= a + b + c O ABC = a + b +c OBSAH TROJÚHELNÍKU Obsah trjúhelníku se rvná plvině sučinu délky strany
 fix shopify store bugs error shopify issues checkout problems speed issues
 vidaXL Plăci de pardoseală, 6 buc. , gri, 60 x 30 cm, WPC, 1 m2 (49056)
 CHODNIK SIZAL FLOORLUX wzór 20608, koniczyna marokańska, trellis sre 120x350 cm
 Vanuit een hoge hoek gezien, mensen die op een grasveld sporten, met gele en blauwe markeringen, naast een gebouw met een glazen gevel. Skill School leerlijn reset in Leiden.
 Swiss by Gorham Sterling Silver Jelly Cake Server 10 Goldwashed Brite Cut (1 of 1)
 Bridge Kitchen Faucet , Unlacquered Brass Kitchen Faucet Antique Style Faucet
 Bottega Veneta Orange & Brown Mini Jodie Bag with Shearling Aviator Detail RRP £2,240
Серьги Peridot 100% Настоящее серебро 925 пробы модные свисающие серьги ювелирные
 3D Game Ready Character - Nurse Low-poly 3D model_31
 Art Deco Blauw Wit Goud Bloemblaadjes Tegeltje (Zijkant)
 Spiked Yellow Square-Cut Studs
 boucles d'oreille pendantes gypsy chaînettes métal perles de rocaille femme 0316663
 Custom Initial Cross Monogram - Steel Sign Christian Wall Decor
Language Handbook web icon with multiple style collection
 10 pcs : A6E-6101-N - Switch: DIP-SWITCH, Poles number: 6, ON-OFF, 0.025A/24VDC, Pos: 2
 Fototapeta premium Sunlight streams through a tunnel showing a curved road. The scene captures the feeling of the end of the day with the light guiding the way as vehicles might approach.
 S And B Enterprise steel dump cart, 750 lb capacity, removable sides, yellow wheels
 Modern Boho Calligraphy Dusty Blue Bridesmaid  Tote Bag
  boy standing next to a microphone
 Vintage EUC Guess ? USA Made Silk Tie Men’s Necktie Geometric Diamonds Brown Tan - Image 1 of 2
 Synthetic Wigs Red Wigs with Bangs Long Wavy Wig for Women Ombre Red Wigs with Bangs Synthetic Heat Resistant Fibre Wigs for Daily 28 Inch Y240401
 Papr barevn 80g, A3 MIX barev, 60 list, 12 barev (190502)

--- --- ---

Copy exactly the line that contains "Серьги Peridot 100%" and every line after it, up to and including the last line of the records.

◆ **FINISHED TASK**
Серьги Peridot 100% Настоящее серебро 925 пробы модные свисающие серьги ювелирные
 3D Game Ready Character - Nurse Low-poly 3D model_31
 Art Deco Blauw Wit Goud Bloemblaadjes Tegeltje (Zijkant)
 Spiked Yellow Square-Cut Studs
 boucles d'oreille pendantes gypsy chaînettes métal perles de rocaille femme 0316663
 Custom Initial Cross Monogram - Steel Sign Christian Wall Decor
Language Handbook web icon with multiple style collection
 10 pcs : A6E-6101-N - Switch: DIP-SWITCH, Poles number: 6, ON-OFF, 0.025A/24VDC, Pos: 2
 Fototapeta premium Sunlight streams through a tunnel showing a curved road. The scene captures the feeling of the end of the day with the light guiding the way as vehicles might approach.
 S And B Enterprise steel dump cart, 750 lb capacity, removable sides, yellow wheels
 Modern Boho Calligraphy Dusty Blue Bridesmaid  Tote Bag
  boy standing next to a microphone
 Vintage EUC Guess ? USA Made Silk Tie Men’s Necktie Geometric Diamonds Brown Tan - Image 1 of 2
 Synthetic Wigs Red Wigs with Bangs Long Wavy Wig for Women Ombre Red Wigs with Bangs Synthetic Heat Resistant Fibre Wigs for Daily 28 Inch Y240401
 Papr barevn 80g, A3 MIX barev, 60 list, 12 barev (190502)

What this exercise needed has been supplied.